La position du juste milieu devrait avoir une philosophie politique comme support théorique qui devrait être renforcée de génération en génération pour s’incarner dans la société et au cœur du peuple. Elle devrait se traduire par un consensus philosophique social sur la place de la démocratie de nos jours. Enfin, le juste milieu ne serait plus la cible attaquée par la droite et la gauche, bien au contraire il serait la philosophie dominante qui absorbe ces dernières. Du coup, la démocratie ne serait pas expliquée par les conflits droite-gauche, mais par l’autre type des concurrences politiques. Ainsi la démocratie ne serait plus l’otage des partis politiques, elle serait guidée par les hommes politiques indépendants, même si les partis subsistent. Tout cela est la première étape politique vers l’humanité. De nos jours, on ne trouve pas d’autres groupes que les intellectuels engagés pour être la responsable de cette mission.

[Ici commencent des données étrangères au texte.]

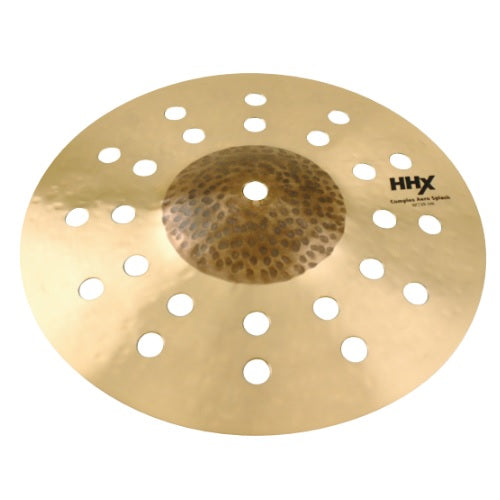 Sabian HHX Complex 10” Aero Splash Cymbal MADE IN CANADA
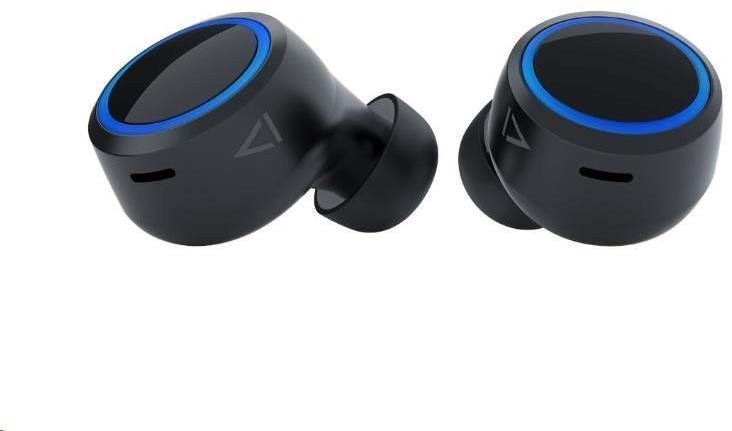 Creative Sensemore Air – čierna Bezdrôtové slúchadlá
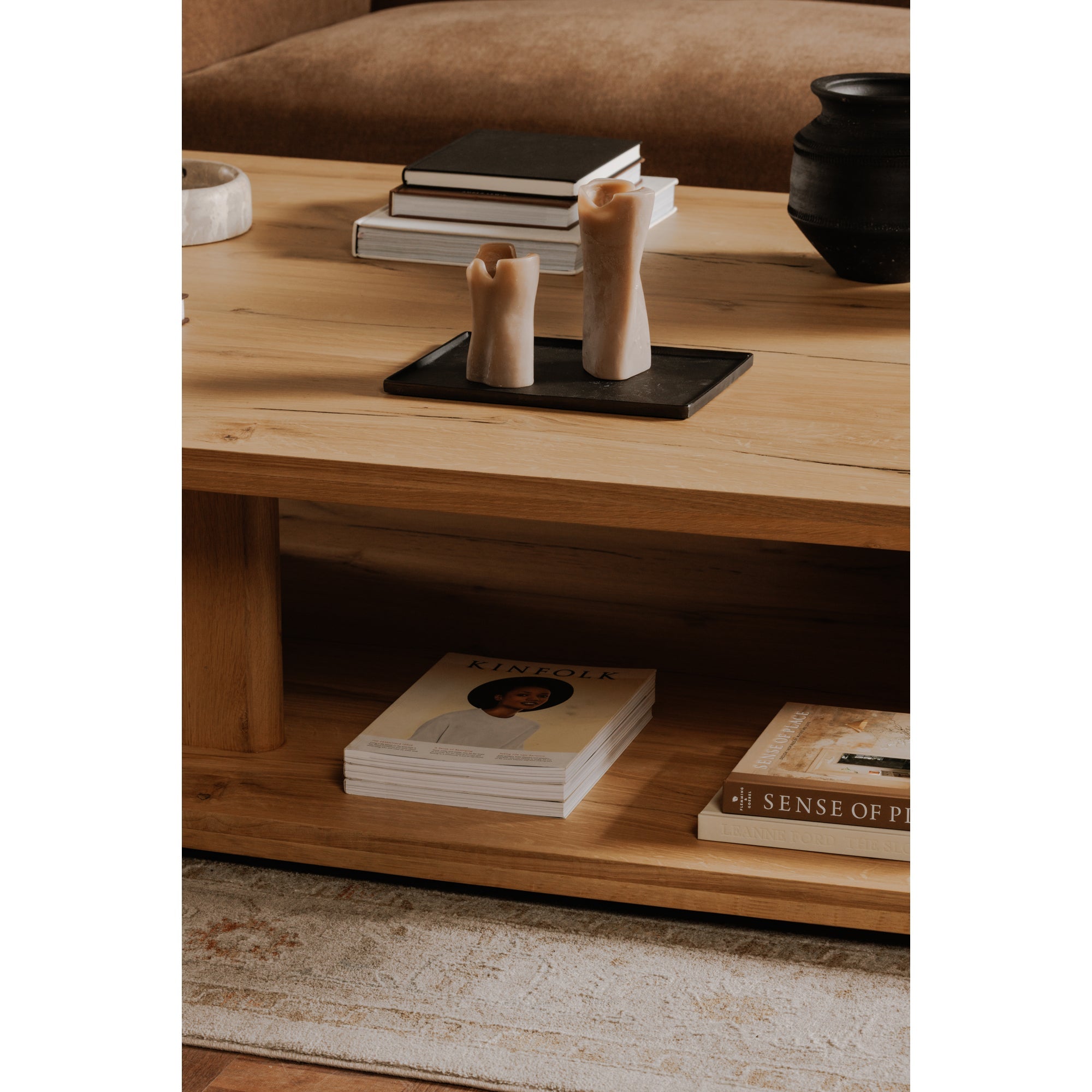 Moe's Home Casey Coffee Table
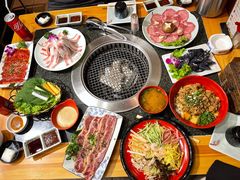 -梦山水日本烧肉(五四广场店)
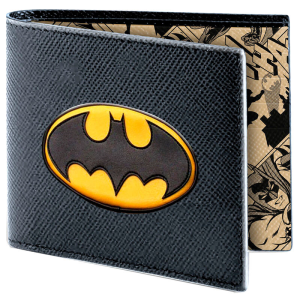 Cartera Batsignal Batman DC Comics Cartera Batsignal Batman DC Comics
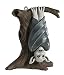 Vampire Bat Horror Ornament - Scary Prop and Decoration for Halloween, Christmas, Parties and Events - by HorrorNaments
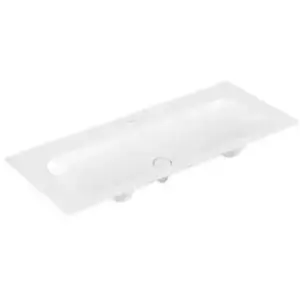 Villeroy & Boch, Lavabo, V&B lavabo armoire FINION sans PLV 1200x500mm...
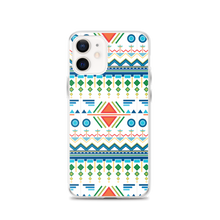 iPhone 12 Traditional Pattern 06 iPhone Case by Design Express
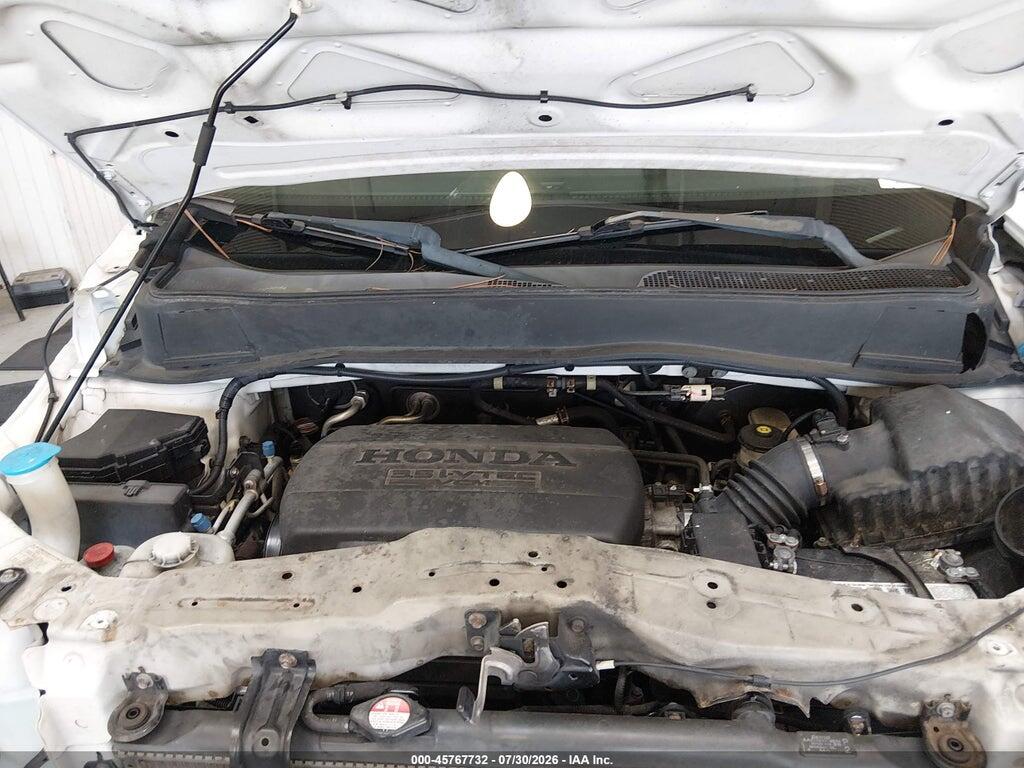 5FNYF3H98BB046198 2011 HONDA PILOT photo no. 10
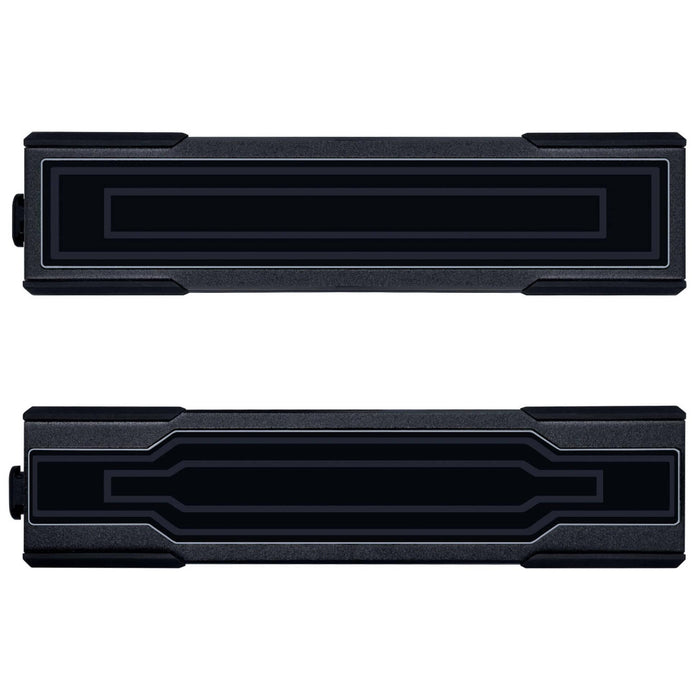 Вентилатор Lian Li UNI FAN SL-INF Wireless ARGB PWM - Reverse Blade, 120 mm Черен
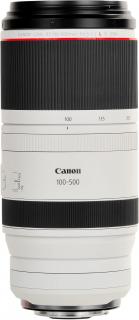 Canon RF 100-500mm f/4.5-7.1L IS USM  + VIP SERVIS 3 ROKY + UV filter zadarmo + 3% zľava na ďalší nákup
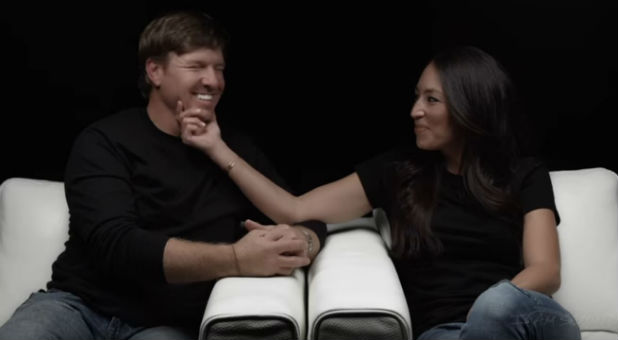 Fixer Upper's Chip and Joanna Gaines
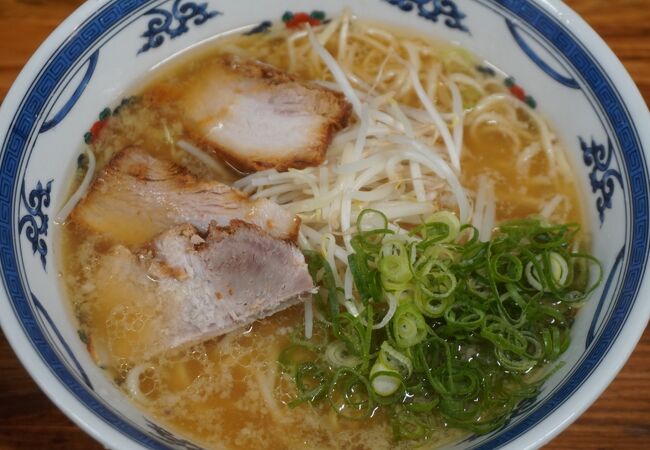 マルチョンラーメン 志布志本店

Cependant, notre époque est totalement différente de celle de Victor Hugo, parce que la démocratie s’est bien installée depuis plus de cents ans et que chacun connaît désormais bien le rôle du citoyen. Donc, les intellectuels engagés devraient réorienter leur rôle : ne plus être le guide de la nation comme au XIXe siècle, ni plus être celui qui veut « changer la société » comme au XXe siècle, mais être le compagnon de la société en XXIe siècle.

Leur première mission consiste à créer une « théorie politique humaine » qui devrait répondre trois questions fondamentales. Premièrement, comment faire progresser le système démocratique ? La première étape consiste à permettre aux hommes politiques indépendants d’être élus pour éviter les conflits idéologiques entre la droite et la gauche. Donc, il faut repenser le système représentatif existant, non seulement sa théorie, mais aussi la pratique. Deuxièmement, comment gouverner la nation ? Il faut avant tout repenser le rapport entre l’État et la société en respectant le fonctionnement de la société elle-même : l’intervention de l’État doit poursuivre l’harmonie de la société. Troisièmement, comment faire progresser la qualité de la participation des citoyens à la vie politique ? Par l’éducation qui permet dépasser le statut du citoyen légal pour atteindre celui de l’homme libre qui exprime la vraie souveraineté du peuple. Cette dernière mission est la plus importante pour les intellectuels engagés parce que l’homme libre est la base radicale de la société et de la République ; comme dit Victor Hugo : « La vraie définition de la République, la voici : moi souverain de moi ».

Bref, les intellectuels engagés contemporains ont trois missions : fonder une théorie politique humaine, obtenir le pouvoir et enfin former les citoyens pour qu’ils puissent être aussi des intellectuels soutenant alors un idéal commun. De ce point de vue, leur responsabilité finale est la disparation de la frontière entre les intellectuels et le peuple : dans un monde parfait (ou aussi proche que possible), il faudrait que chacun soit « Victor Hugo », et la société fonctionnerait plus harmonieusement.